Content starts
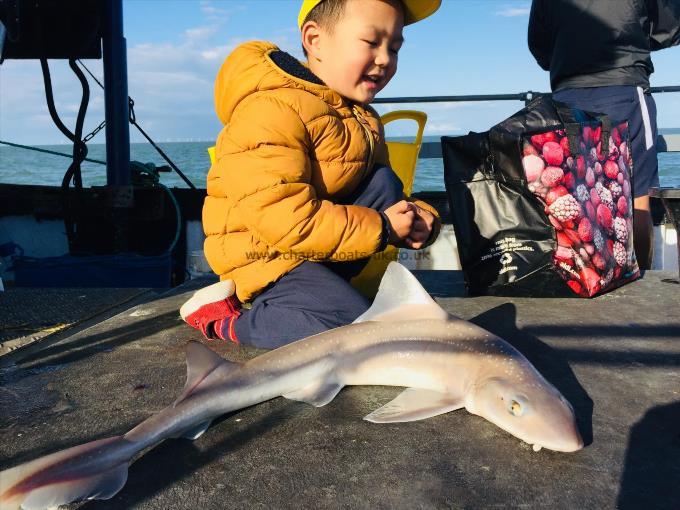 6 lb Smooth-hound by Unknown
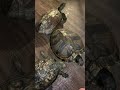 色々とカオスなカメのスキンシップ🐢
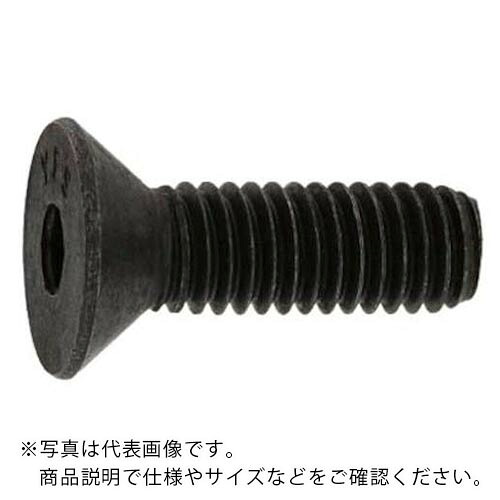 SUNCO ( サンコーインダストリー ) SUSサラCAP(UNC1/2-13X3”(1本入) ( A0-02-2030-8040-8300-00-1 ) サンコーインダストリー(株) 【メーカー取寄】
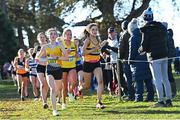21 November 2021; Aoife McGreevy of UCD AC, Dublin, left, and Jane Buckley of Leevale AC, Cork, competing in the Junior Women's event during the Irish Life Health National Cross Country Championships at Santry Demense in Dublin. Photo by Ramsey Cardy/Sportsfile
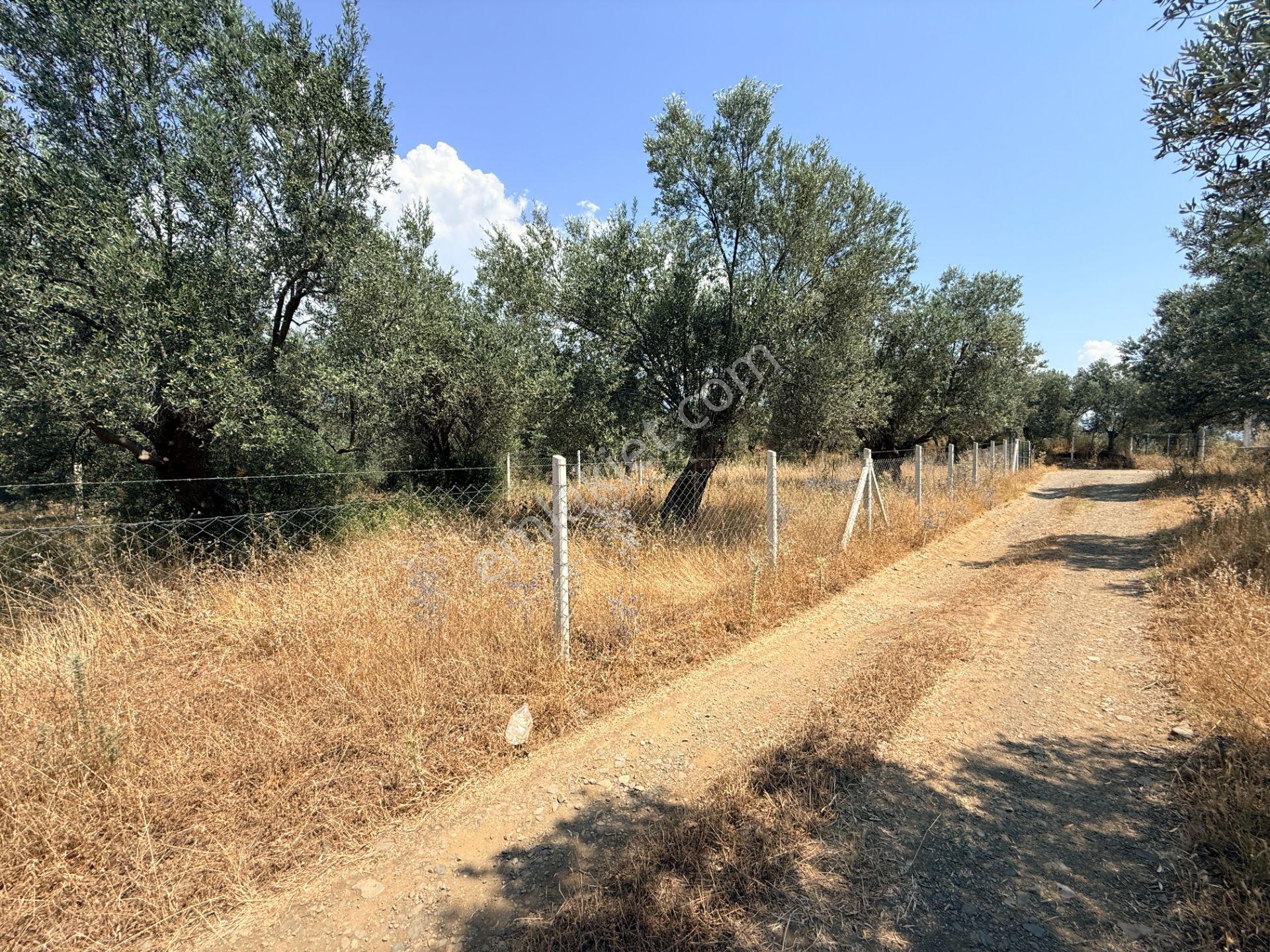 Sadece Jet'ten Kızılkeçili'de Resmi Yolu Olan 540m2 Hobi Bahçesi - Görsel 12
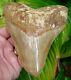 Megalodon Shark Tooth 5 & 3/8 In. Super Quality Indonesian
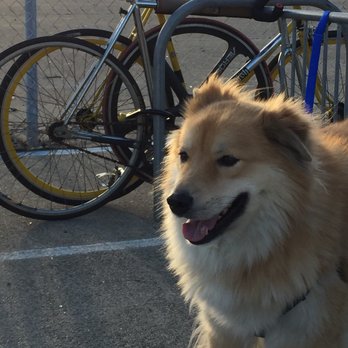 Faction Brewing - Dog friendly and bike parking - Breweries Near Me - Alameda, California Faction Brewing - Dog friendly and bike parking - Breweries Near Me - Alameda, California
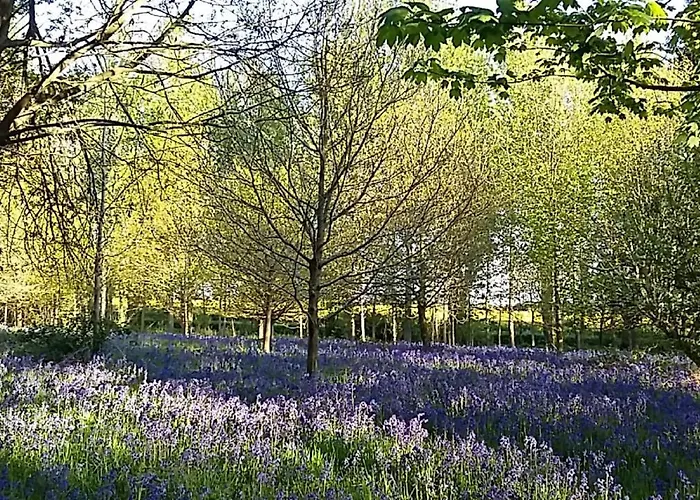 Hollicarrs - Bumblebee York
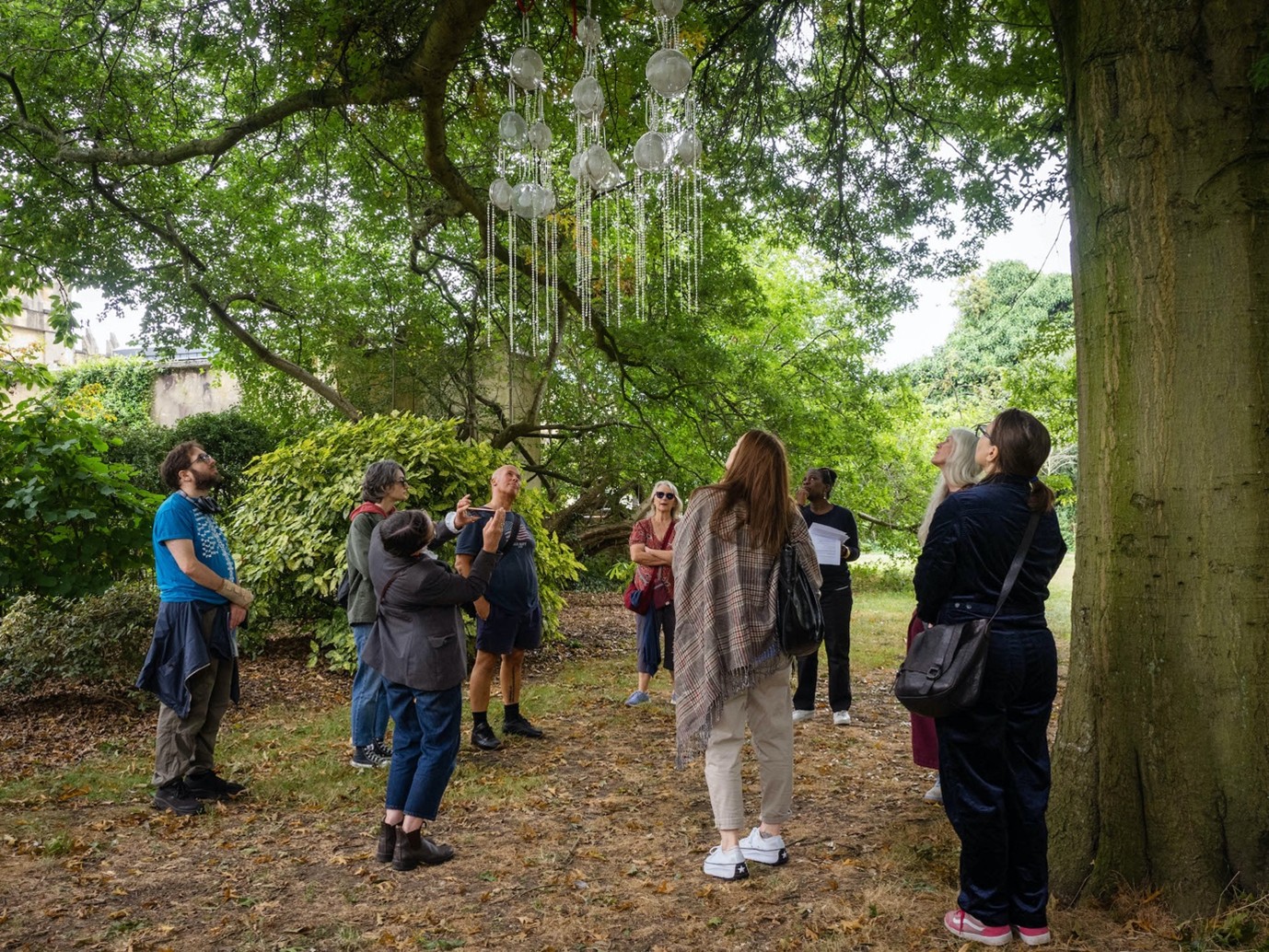 A group of people stand in a wooded area, looking up at glass orbs and tubes hanging from a tree branch. The scene is shaded by large green trees and surrounded by bushes.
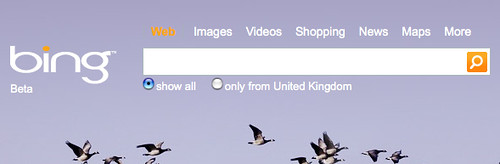 Bing JPG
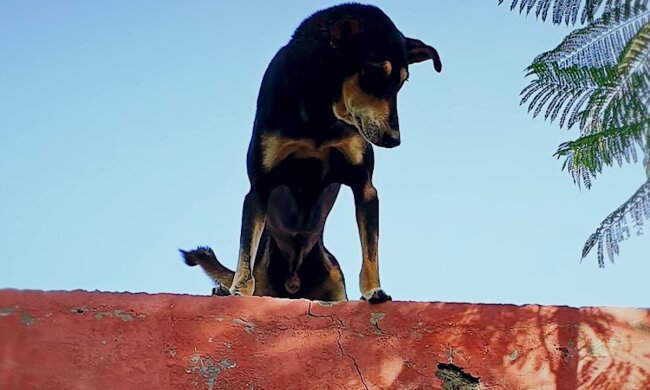 Ein Mann, der an einer unbewohnten Insel vorbeisegelte, bemerkte den Hund und rettete ihn: Das war aber nicht leicht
Content ends
ACTIVITY:
Starting with the line that holds "A group of people", transcribe exactly each line through the last one of the material above, and nothing else. Do not include pictures.

TASK ANSWER:
 A group of people stand in a wooded area, looking up at glass orbs and tubes hanging from a tree branch. The scene is shaded by large green trees and surrounded by bushes.
 Bing JPG
 Ein Mann, der an einer unbewohnten Insel vorbeisegelte, bemerkte den Hund und rettete ihn: Das war aber nicht leicht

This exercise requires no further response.